My younger sister is homeless. Should I help her get back on her feet?
It’s an awesome goal, says our elder. But you need to have a serious talk with her to see if it’s really what she wants.
Dear EWC
I have a rather large family, but no-one has a stable living situation except for me. I live in a small apartment with my girlfriend. For perspective, my dad lives in a trailer in the woods and has no money and a truck that breaks down all the time. My little sister is homeless, and she definitely is in the lower range of intelligence and has been taken advantage of by multiple guys. She’s living with crackheads right now. I am very good at saving money so I could potentially get a house and give her a place to live and some guidance, but I’m afraid she’ll just fall back into the same old habits and I’ll have tried/spent all of my money for nothing. Having such a large family, I would think that somebody other than myself could take responsibility, but it isn’t the case. My dad is perfectly willing to let my little sister be homeless and whore herself out however she wants as long as he doesn’t have to deal with her. And nobody else in my family has the financial means to provide for someone else. Any advice is greatly appreciated.
GrannyJ replies
Thank you for writing to EWC. I’ve given a lot of thought to what you’ve written in your letter and here are my conclusions.

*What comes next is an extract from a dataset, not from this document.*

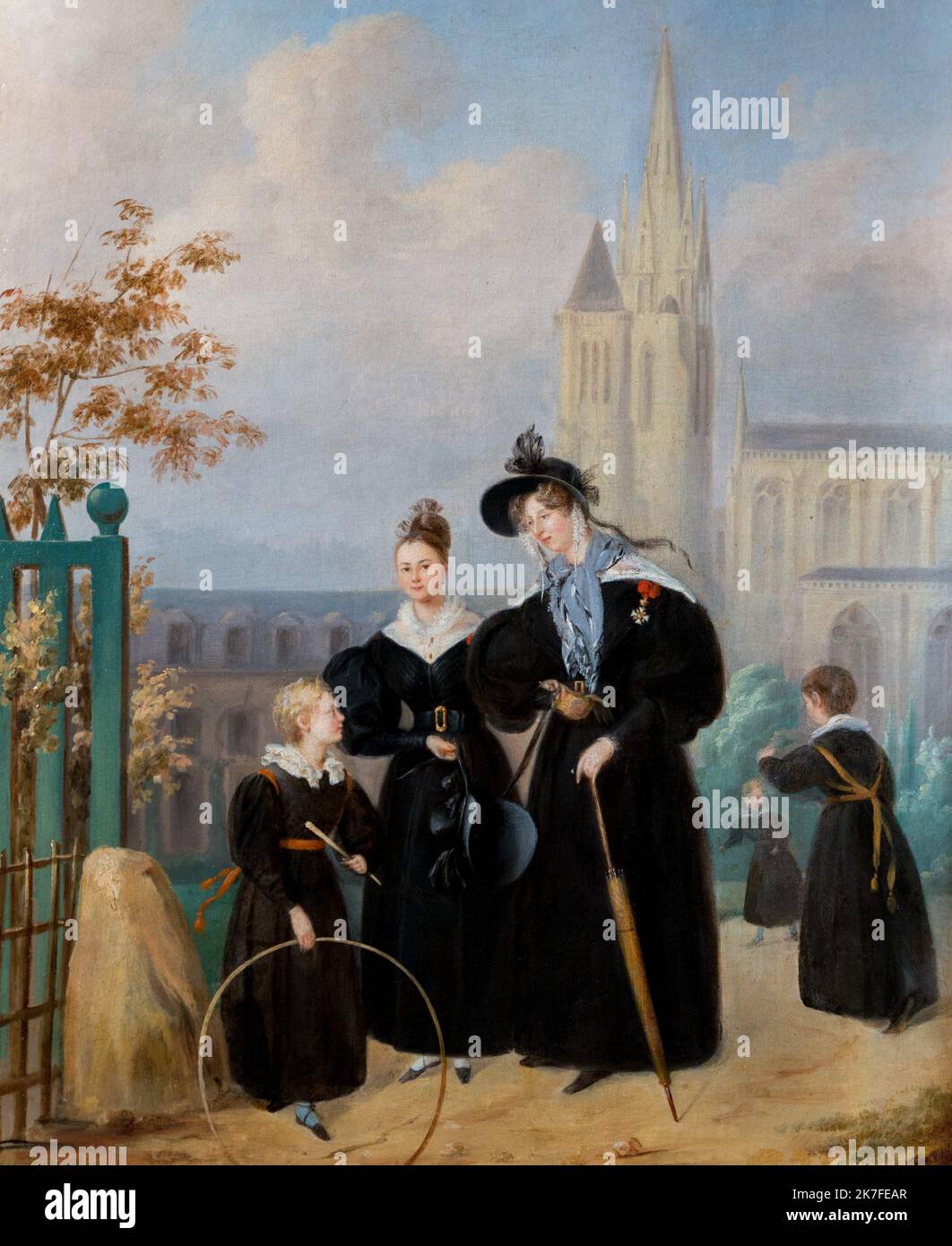 ©Active Museu/MAXPPP - ActiveMuseum_0006640.jpg / Dames Educatrices et eleves de la Maison d'Education de la Legion d'honneur de Saint-Denis sous la Monarchie de Juillet / Ecole Francaise XIX / Peinture Active Museum / Le Pictorium 5 Personen ,Schwarzes Kleid ,Gebäude () ,Kathedrale ,Kind ,Kreis ,Wolkenbedeckter Himmel ,Tor ,Spitze ,Legion Ehre, Schal, Lehrer, Track, Vertikal, Frauen, Frauenhut, Europa, Frankreich, Ile-de-France (Region), Saint-Denis (Pariser Viertel), seine-Saint-Denis, Westeuropa, 19. Jahrhundert, Französische Schule XIXc, Malerei, Stockfoto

It sounds to me like no one else in your circle of family and friends will step up and help your sister attain a better life. It’s possible that your offer to help her could be her only shot at a chance to get out the rut she is in. With your help, she could get a job and begin to support herself and not have to rely on “crackheads” and other such people.
However, is this what she wants to do? There is a lot of information not mentioned in your letter. For example, does your sister use drugs? If so, it will be very difficult for her to get a job that requires a drug screen. Can she get transportation to and from a job? You said she has a lower level of intelligence. Does she have basic skills necessary for employment? It’s one thing to help her financially for a short time while she gets on her feet, but a totally different story if she doesn’t get a job and begins to rely on you, long-term, for support, particularly if she is using drugs, and still associating with drug users. I’m pretty sure you will begin to regret your decision.

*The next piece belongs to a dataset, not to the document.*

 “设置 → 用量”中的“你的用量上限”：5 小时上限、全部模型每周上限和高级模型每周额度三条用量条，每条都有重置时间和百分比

I think your plan requires a serious talk with your sister to see what she sincerely wants for her future. If she expresses to you a desire to get away from her current situation, get a job and begin supporting herself, then, by all means give it some serious thought. However, you and she should have a plan on which you both agree. For example, you will help her financially for “X” period of time, after which she will have to have a job and begin paying her own way. The problem with this, though, is if she still doesn’t have a job in the long term, will you be able to withdraw support and possibly cause her to be homeless again? If she has been living with you for a period of time, I’m afraid you would find it very hard to make her move out if she has no job and nowhere to go. That’s why I urge you to find out if your sister is sincerely willing to commit to such a plan and make it work.

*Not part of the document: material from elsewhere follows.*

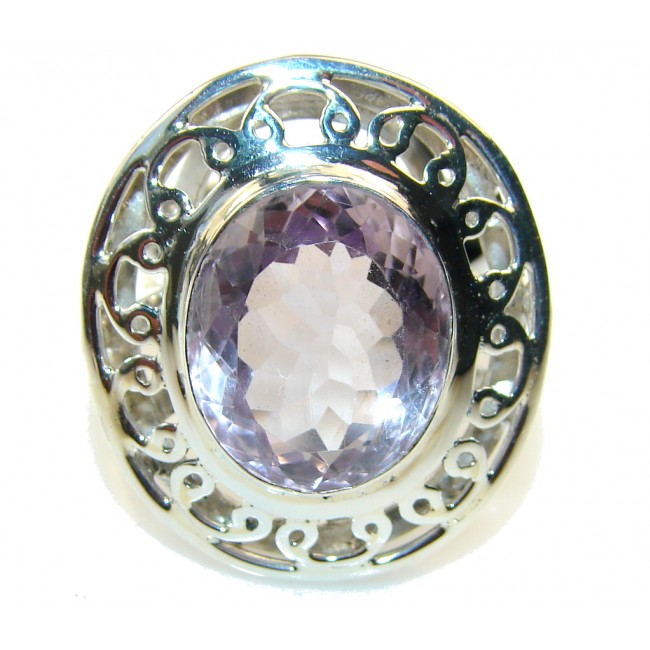 Sweet Light Pink Amethyst Sterling Silver ring; size 9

Another thing is that your home will become her home, and whatever activities she might engage in will be right under your nose. Do you want “crackheads” coming to your home? Think, also about your girlfriend’s wishes. Will she be onboard with your plan? It’s her home, too, after all.
It’s possible it won’t work out. Your sister may be at a point in her life where she doesn’t have the maturity or life experience to make good choices, and you can’t really make her decisions for her. To fund her financially if she is making bad decisions is a form of enabling.
These are just some things for you to think about. I don’t know your sister, and it’s possible she may blossom with some financial and emotional support. That would be an awesome thing! But that has to be her goal, not yours, or else it’s just not going to work.
I hope my advice will be helpful. Please write again if you need more advice, or have any questions. Good luck, and I wish you and your sister all the best. Take care!